[[ RECORDS FOR THE EXERCISE open ]]

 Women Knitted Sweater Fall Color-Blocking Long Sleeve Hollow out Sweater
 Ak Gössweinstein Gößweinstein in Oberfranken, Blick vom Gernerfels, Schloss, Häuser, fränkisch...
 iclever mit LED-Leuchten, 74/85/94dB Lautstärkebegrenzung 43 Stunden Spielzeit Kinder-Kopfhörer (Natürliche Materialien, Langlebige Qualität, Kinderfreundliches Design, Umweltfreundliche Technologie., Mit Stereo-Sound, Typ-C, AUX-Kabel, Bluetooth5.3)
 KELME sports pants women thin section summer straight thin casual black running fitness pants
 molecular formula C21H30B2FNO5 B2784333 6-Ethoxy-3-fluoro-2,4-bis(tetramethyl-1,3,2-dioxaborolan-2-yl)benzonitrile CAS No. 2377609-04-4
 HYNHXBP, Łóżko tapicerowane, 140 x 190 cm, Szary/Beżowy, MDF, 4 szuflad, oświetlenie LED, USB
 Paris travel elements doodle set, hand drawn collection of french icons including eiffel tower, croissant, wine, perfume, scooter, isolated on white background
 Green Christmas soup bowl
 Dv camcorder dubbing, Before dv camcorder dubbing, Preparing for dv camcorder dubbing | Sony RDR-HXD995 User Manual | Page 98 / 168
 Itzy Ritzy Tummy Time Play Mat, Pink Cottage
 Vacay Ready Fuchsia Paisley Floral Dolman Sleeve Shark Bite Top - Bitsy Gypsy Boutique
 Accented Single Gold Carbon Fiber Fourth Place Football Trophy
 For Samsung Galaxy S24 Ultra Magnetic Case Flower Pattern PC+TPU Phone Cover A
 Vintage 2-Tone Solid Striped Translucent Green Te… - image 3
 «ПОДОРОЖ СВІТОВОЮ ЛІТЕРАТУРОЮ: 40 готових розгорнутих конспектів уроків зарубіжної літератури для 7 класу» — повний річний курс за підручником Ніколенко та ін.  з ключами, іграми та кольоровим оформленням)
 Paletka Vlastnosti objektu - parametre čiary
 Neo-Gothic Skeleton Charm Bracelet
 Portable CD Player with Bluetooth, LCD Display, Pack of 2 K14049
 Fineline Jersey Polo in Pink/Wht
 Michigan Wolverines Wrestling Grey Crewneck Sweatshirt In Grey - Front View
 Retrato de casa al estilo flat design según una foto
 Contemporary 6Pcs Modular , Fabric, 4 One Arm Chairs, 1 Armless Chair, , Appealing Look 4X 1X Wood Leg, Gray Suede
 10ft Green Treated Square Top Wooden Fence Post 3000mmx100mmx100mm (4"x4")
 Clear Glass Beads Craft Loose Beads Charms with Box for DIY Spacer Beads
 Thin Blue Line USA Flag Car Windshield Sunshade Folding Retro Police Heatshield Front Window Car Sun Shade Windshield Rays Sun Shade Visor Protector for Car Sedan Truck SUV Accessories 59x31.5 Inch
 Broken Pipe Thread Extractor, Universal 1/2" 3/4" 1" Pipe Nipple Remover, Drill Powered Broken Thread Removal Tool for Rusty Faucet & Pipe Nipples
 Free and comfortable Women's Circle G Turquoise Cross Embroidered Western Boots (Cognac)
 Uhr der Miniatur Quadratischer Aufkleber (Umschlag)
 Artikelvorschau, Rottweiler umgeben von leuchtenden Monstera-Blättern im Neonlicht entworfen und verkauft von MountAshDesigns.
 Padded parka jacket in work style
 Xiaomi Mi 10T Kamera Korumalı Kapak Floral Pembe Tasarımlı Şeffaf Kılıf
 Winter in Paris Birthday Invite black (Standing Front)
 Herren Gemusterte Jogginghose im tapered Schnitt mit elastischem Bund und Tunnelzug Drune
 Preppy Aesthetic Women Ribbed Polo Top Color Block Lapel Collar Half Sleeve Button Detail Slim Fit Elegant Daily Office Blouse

[[ RECORDS FOR THE EXERCISE closed ]]

◆ DIRECTIONS
Out of the entries, report each line that contains the word "Green".

◆ REPLY TO THE TASK
 Green Christmas soup bowl
 Vintage 2-Tone Solid Striped Translucent Green Te… - image 3
 10ft Green Treated Square Top Wooden Fence Post 3000mmx100mmx100mm (4"x4")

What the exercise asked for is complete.